Textbook checks (all asserted in tests/test_wirtinger_calculus.py): for z**2, df/dz = 2z and df/dconj_z = 0; for |z|**2 = z conj(z), df/dz = conj(z) and df/dconj_z = z; for conj(z), df/dz = 0 and df/dconj_z = 1.

Holomorphicity and the complex derivative

A function is holomorphic exactly when df/dconj_z = 0 (the Cauchy-Riemann equations). is_holomorphic tests that residual, and holomorphic_gradient returns the ordinary complex derivative df/dz, failing closed when the function is not holomorphic at the point.

from scpn_quantum_control.wirtinger_calculus import holomorphic_gradient

holomorphic_gradient(lambda z: z[0] ** 3, np.array([1.0 + 1.0j]))   # 3 z**2

Optimising complex parameters

For a real-valued loss L: C^n -> R, the steepest-descent direction is dL/dconj_z (equal to conj(dL/dz)). real_objective_gradient returns it and minimise_real_objective runs CR steepest descent.

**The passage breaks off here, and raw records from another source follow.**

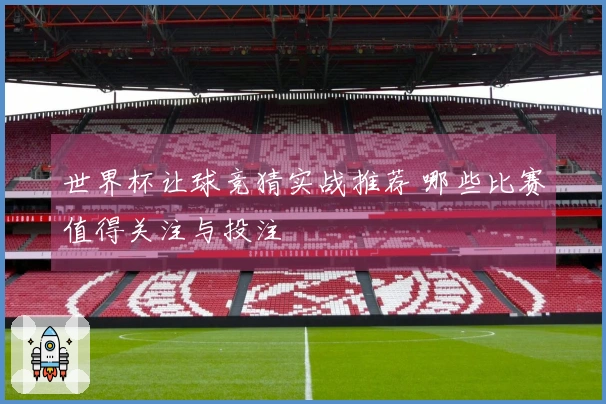 世界杯让球竞猜实战推荐 哪些比赛值得关注与投注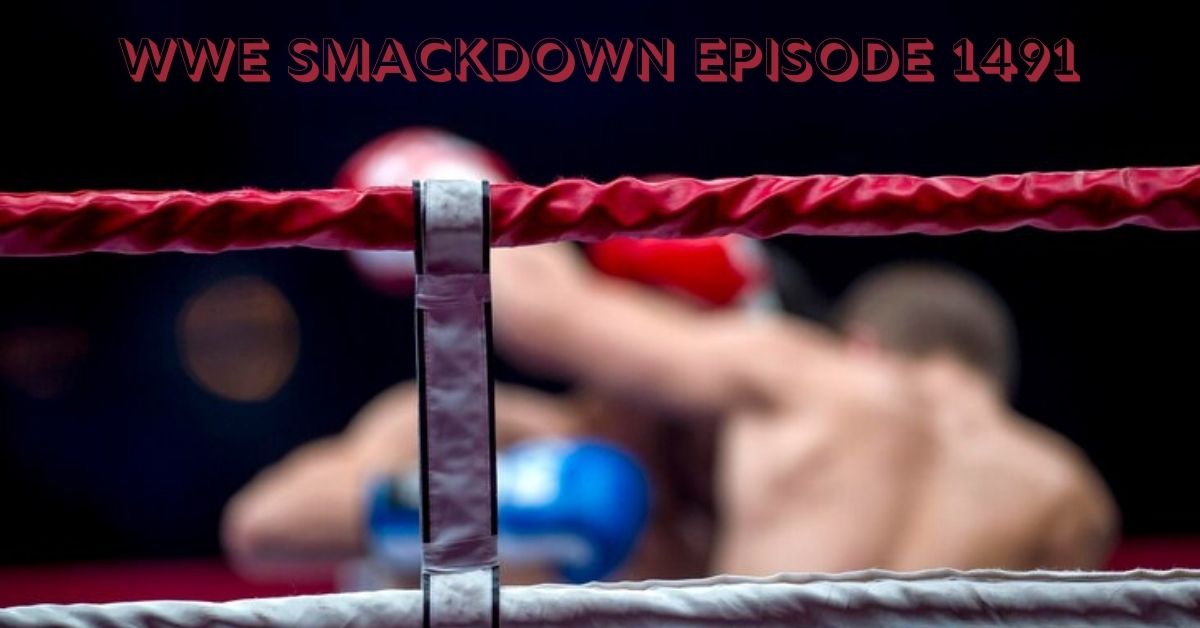 wwe smackdown episode 1491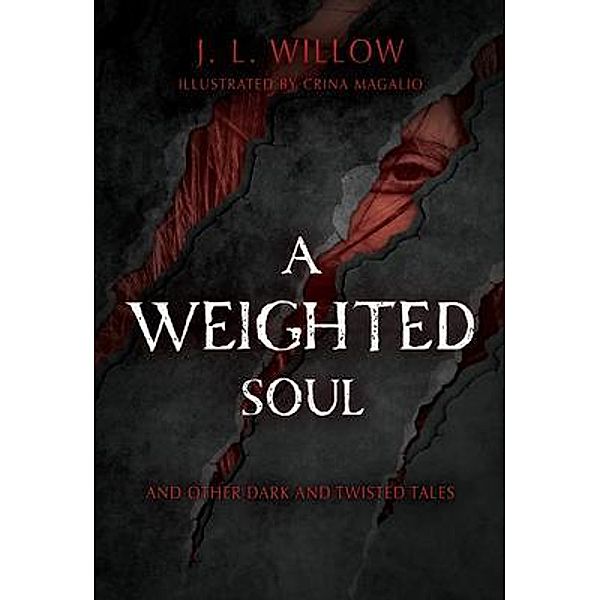 A Weighted Soul and Other Dark and Twisted Tales, J. L. Willow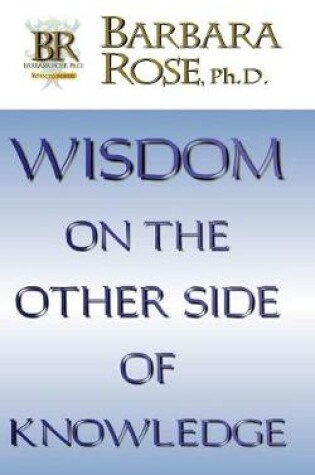 Cover of Wisdom On the Other Side Of Knowledge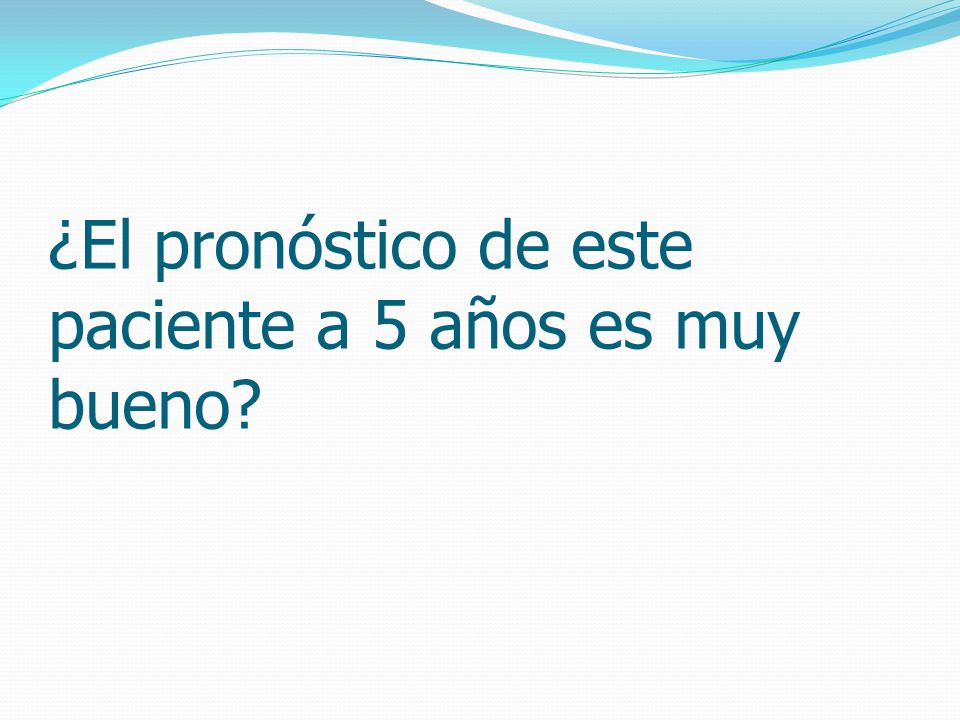 ¿El pronóstico de este paciente a 5 años es muy bueno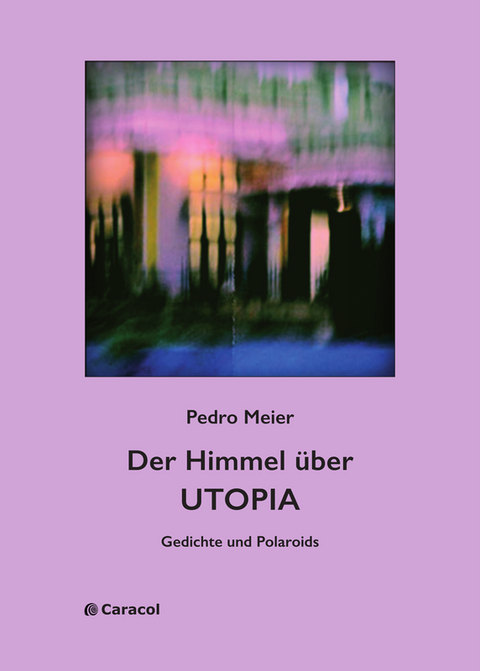 Der Himmel über UTOPIA - Pedro Meier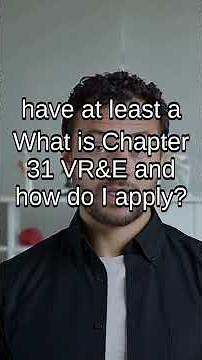 Chapter 31 VR&E: VA Career Training & Employment Benefits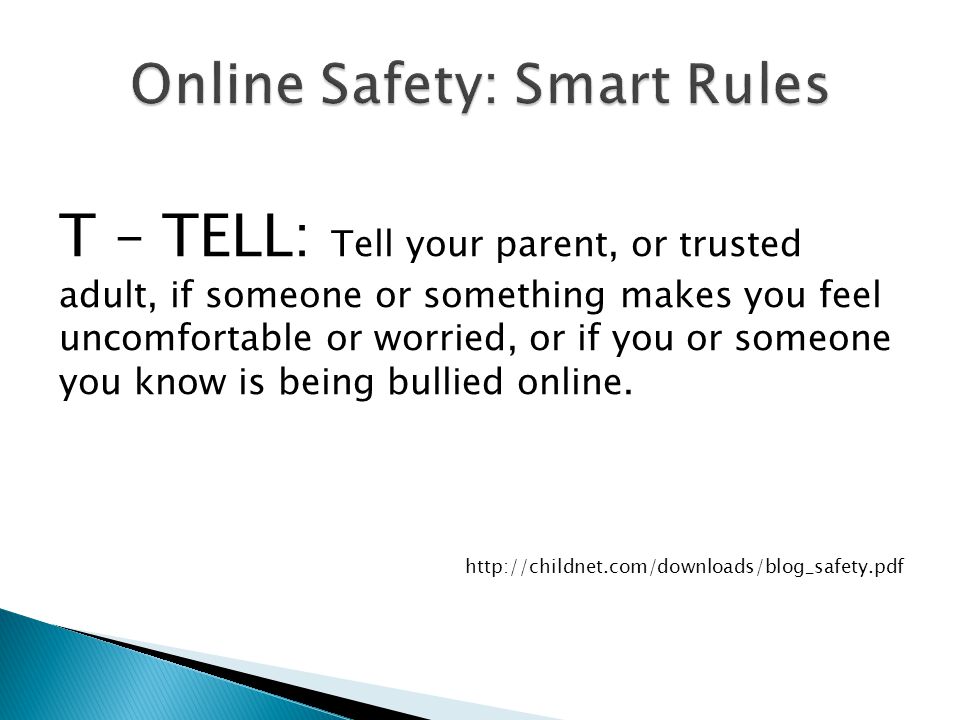 T – TELL: Tell your parent, or trusted adult, if someone or something makes you feel uncomfortable or worried, or if you or someone you know is being bullied online.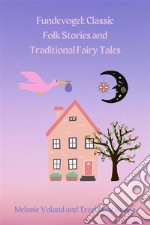 Fundevogel: Classic Folk Stories and Traditional Fairy Tales. E-book. Formato EPUB ebook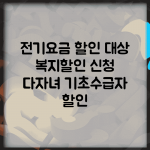 전기요금 할인 대상 | 복지할인 신청 | 다자녀 기초수급자 할인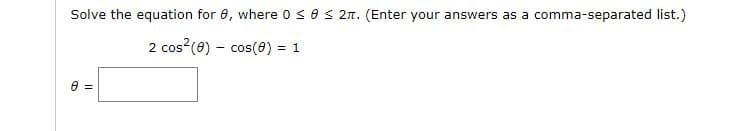 Solve the equation for 8, where 0 ≤82π. (Enter your answers as a comma-separated list.)
2 cos(9) cos(0) = 1
8 =
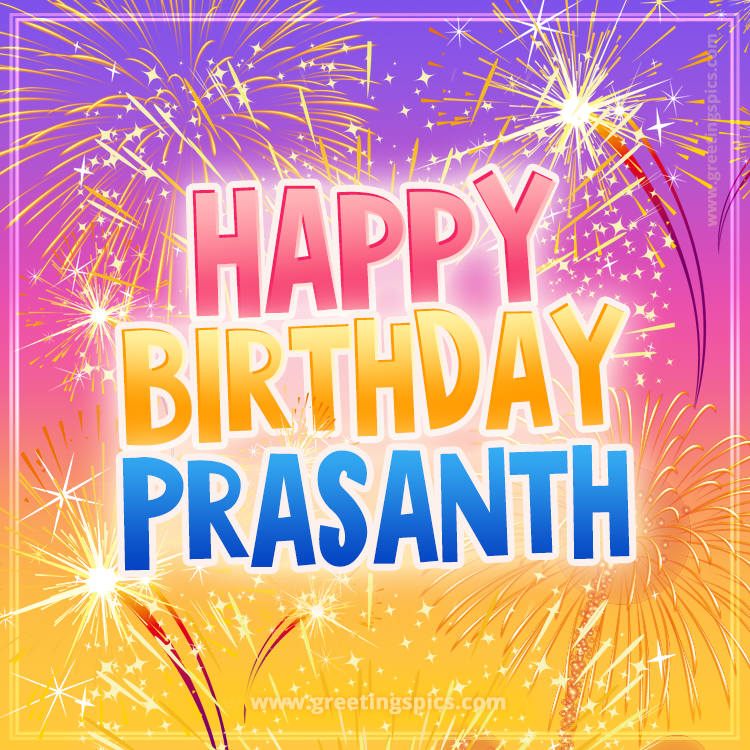 Happy Birthday Prasanth Picture with fireworks (square shape image)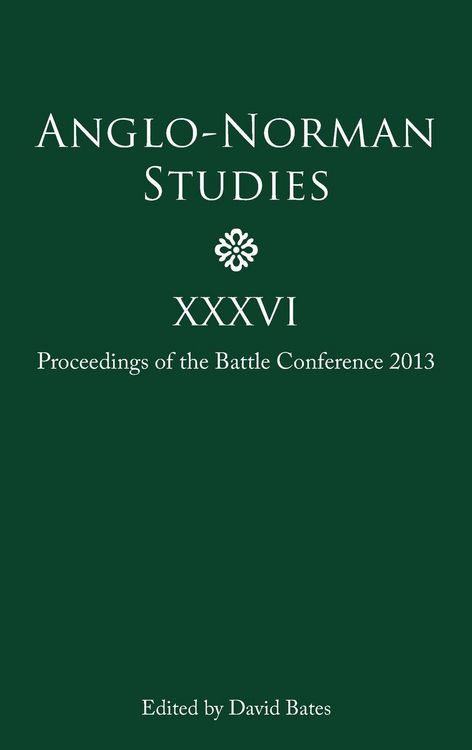 Produktbild: Anglo-Norman Studies XXXVI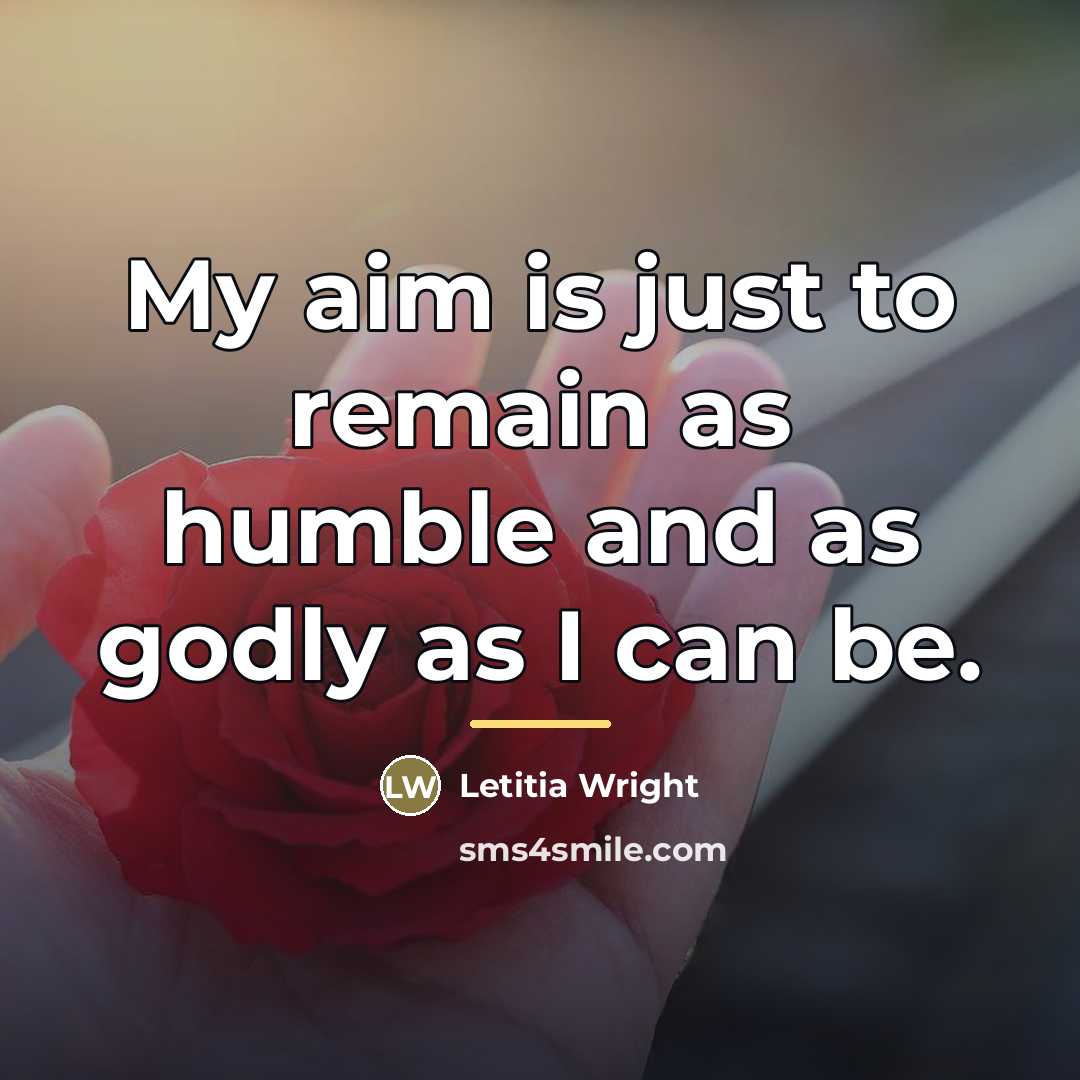 “My aim is just to remain as humble and as…” quote by Letitia Wright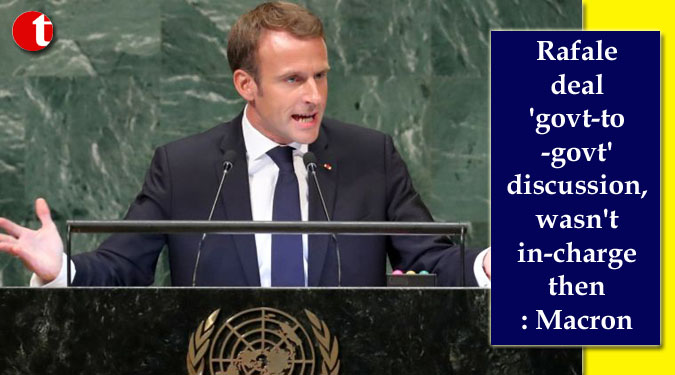 Rafale deal 'govt-to-govt' discussion, wasn't in-charge then: Macron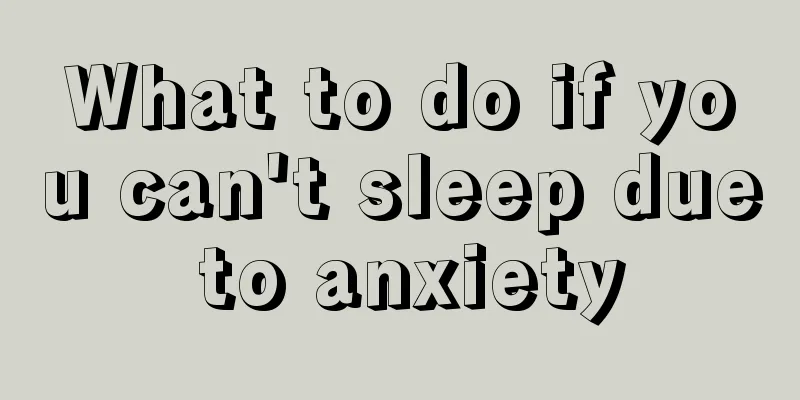 What to do if you can't sleep due to anxiety
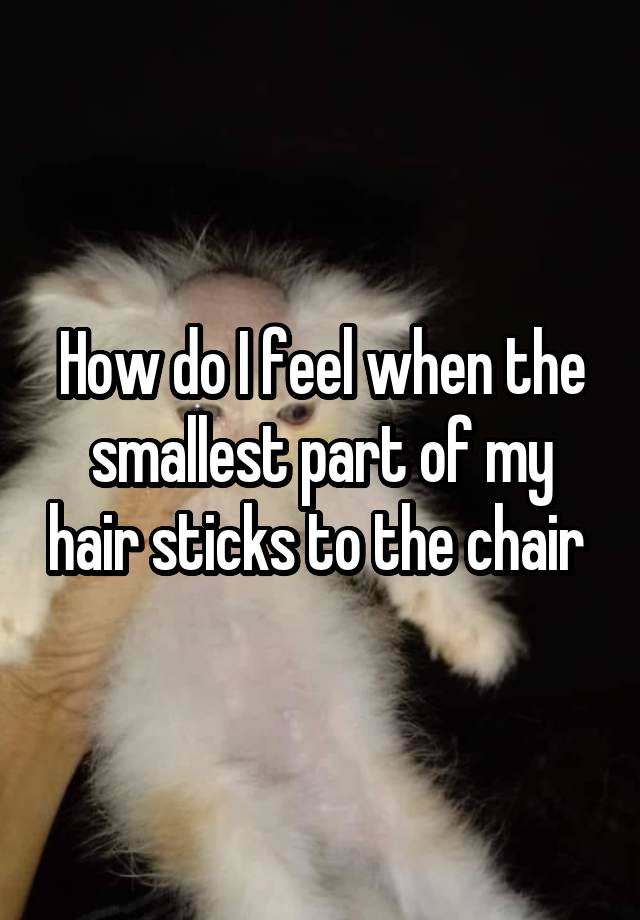 How do I feel when the smallest part of my hair sticks to the chair 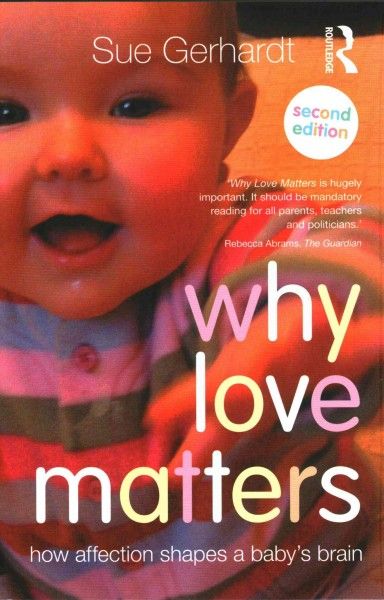 Why love matters : how affection shapes a baby's brain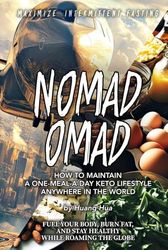 NOMAD OMAD: How to Maintain a One-Meal-a-Day Keto Lifestyle Anywhere in the World (Fuel Your Body, Burn Fat, and Stay Healthy While Roaming the Globe)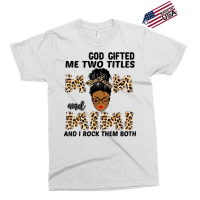 God Gifted Me Two Titles Mom And Mimi Black Girl Leopard T Shirt Exclusive T-shirt | Artistshot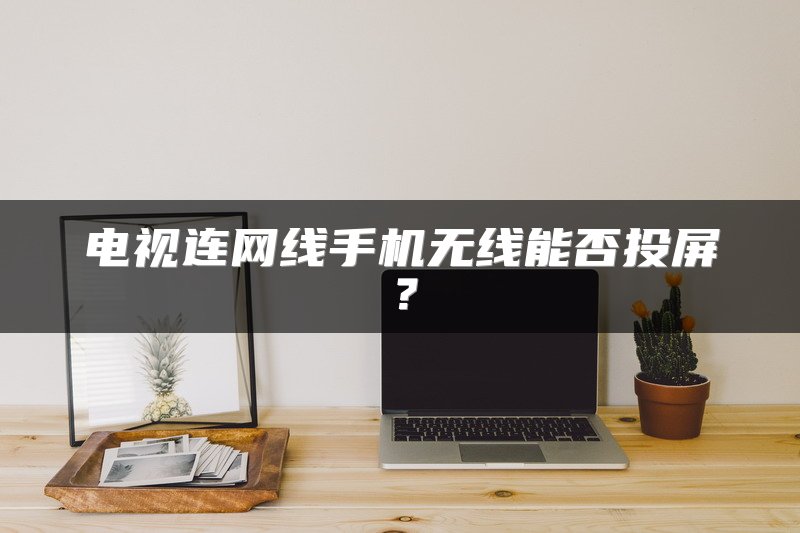电视连网线手机无线能否投屏？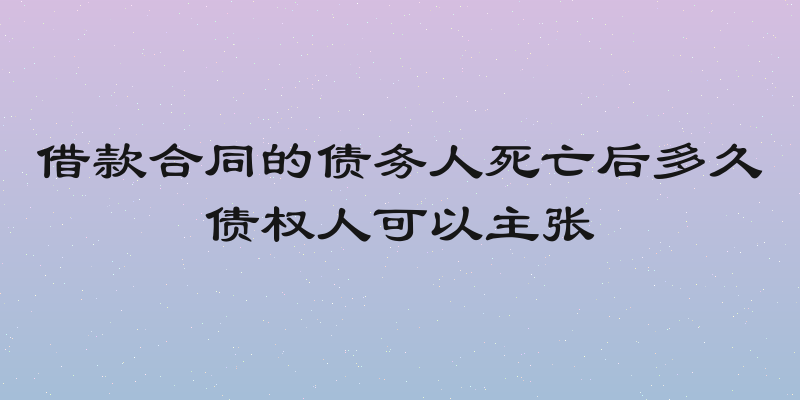 借款合同的债务人死亡后多久债权人可以主张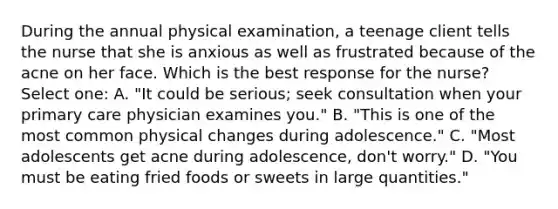 During the annual physical examination, a teenage client tells the nurse that she is anxious as well as frustrated because of the acne on her face. Which is the best response for the nurse? Select one: A. "It could be serious; seek consultation when your primary care physician examines you." B. "This is one of the most common physical changes during adolescence." C. "Most adolescents get acne during adolescence, don't worry." D. "You must be eating fried foods or sweets in large quantities."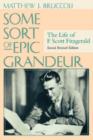 Some Sort of Epic Grandeur : The Life of F.Scott Fitzgerald - Book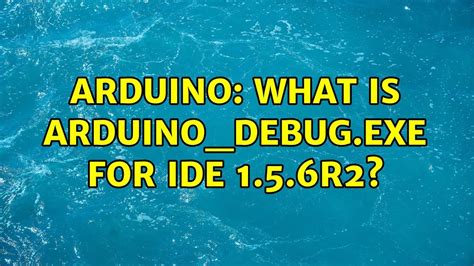 Arduino What Is Arduinodebugexe For Ide 156r2 Youtube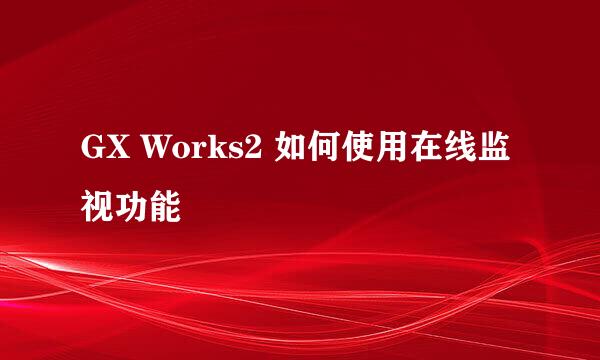 GX Works2 如何使用在线监视功能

from scpn_quantum_control.wirtinger_calculus import minimise_real_objective

target = np.array([0.8 - 0.3j, -0.4 + 0.6j])
result = minimise_real_objective(
    lambda z: float(np.sum(np.abs(z - target) ** 2)),
    np.zeros(2, dtype=complex),
    learning_rate=0.3,
    steps=80,
)
result.parameters   # -> target

Acceleration

The partials are a central-difference harness over a caller-supplied complex callable: the numerical work lives inside f, not in a fixed kernel, so there is no polyglot Rust path to accelerate (as with the other finite-difference diagnostics). Holomorphic primitives with closed-form derivatives can be differentiated exactly by composing analytic rules outside this module.

Claim boundary

This is a general complex-analysis utility for complex-valued objectives. It is independent of the registered Phase-QNode statevector engine, which remains a real-parameter route. minimise_real_objective reports observed local loss decrease only and makes no global-convergence, provider, or hardware claim.